_Source records_
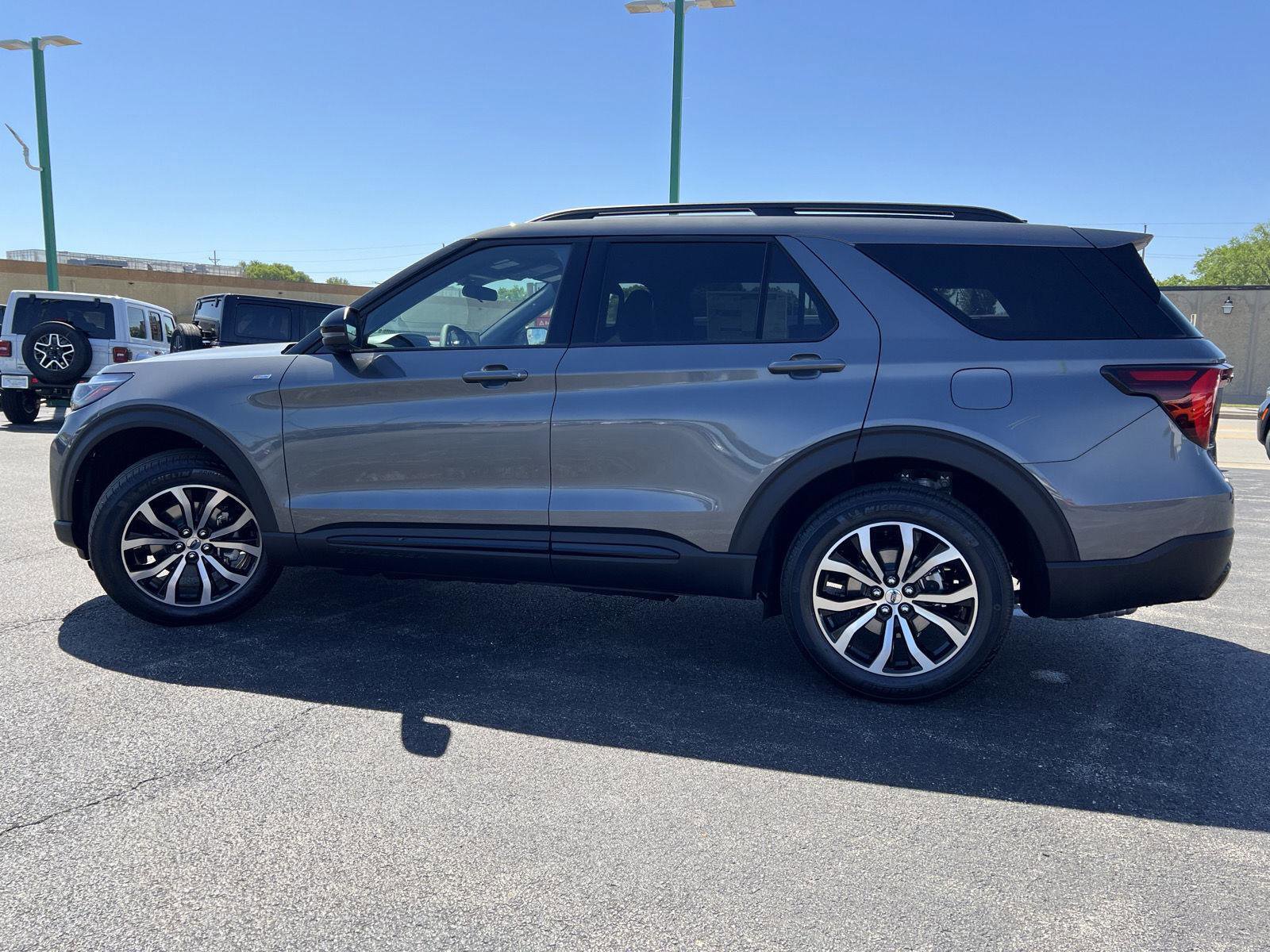 New 2026 Ford Explorer ST-Line AWD/4WD image 11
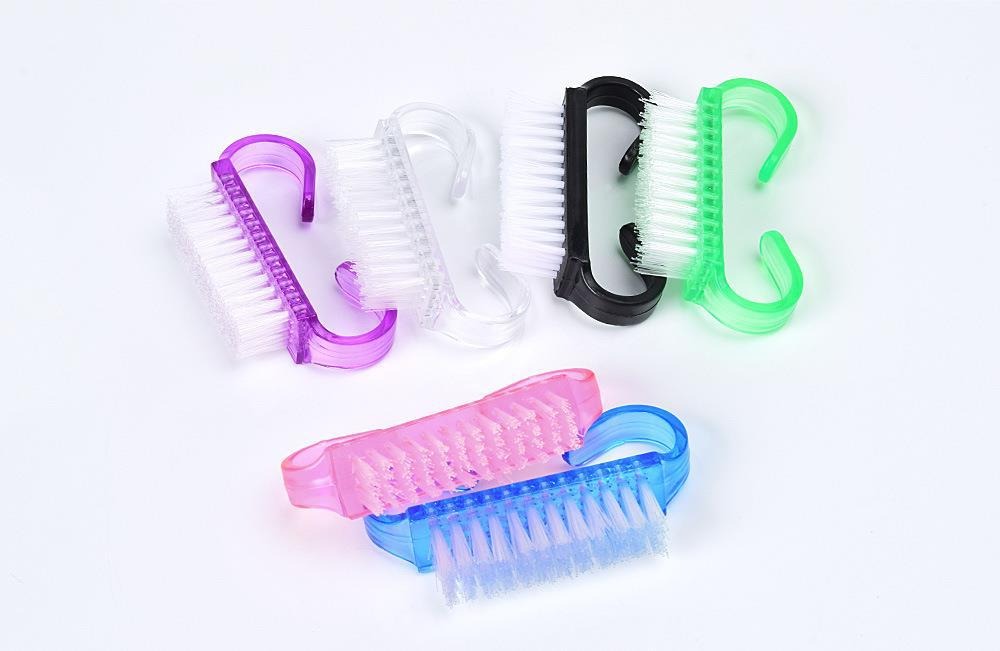 Translucent Nail Cleaning Brush – Mini Horn Handle Nail Brush for Manicure & Beauty Care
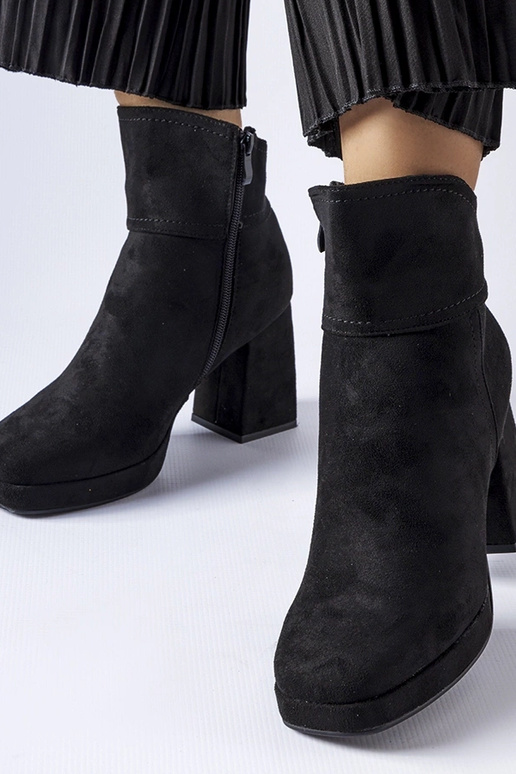 Melni puszābaki ar masīvu papēdi Itaf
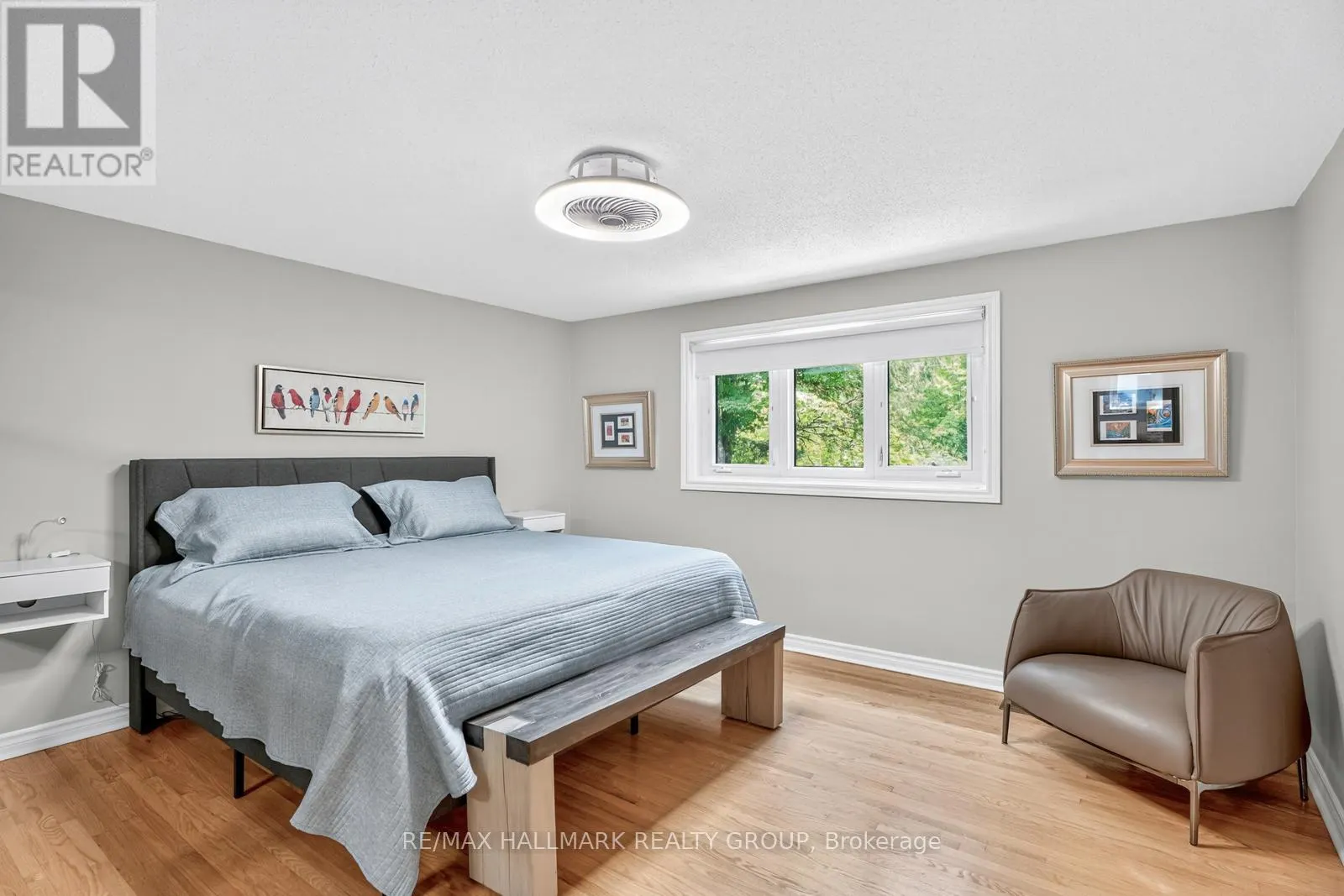 30 OAKHURST CRESCENT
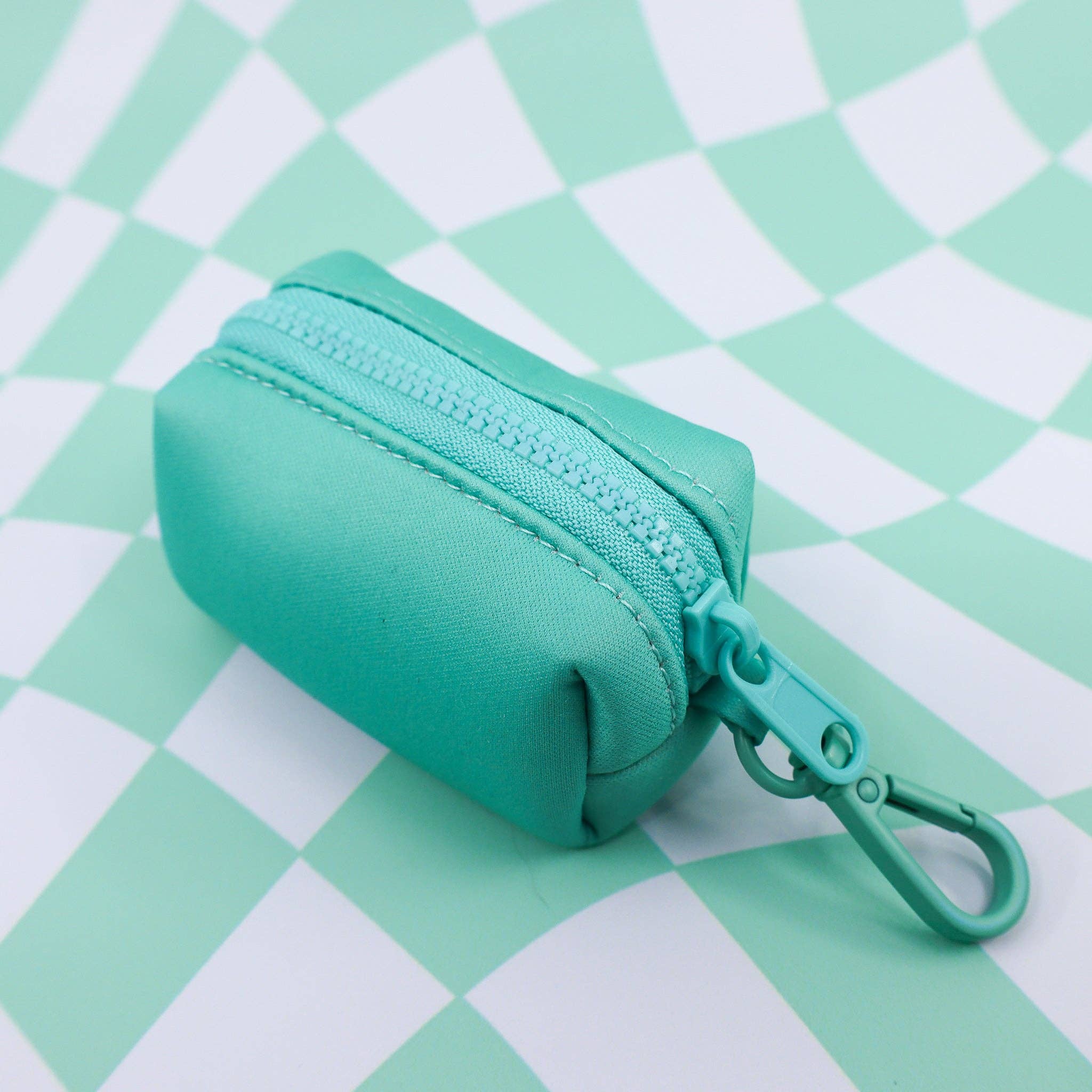 Pablo & Co. Boutique - Wholesale Pet Poop Bag Dispenser - Peppermint: Poop Bag Holder1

_Task prompt_
Apart from the pictures, every line of the data above should be given again exactly.

_Exercise response_
 New 2026 Ford Explorer ST-Line AWD/4WD image 11
 Translucent Nail Cleaning Brush – Mini Horn Handle Nail Brush for Manicure & Beauty Care
 Melni puszābaki ar masīvu papēdi Itaf
 30 OAKHURST CRESCENT
 Pablo & Co. Boutique - Wholesale Pet Poop Bag Dispenser - Peppermint: Poop Bag Holder1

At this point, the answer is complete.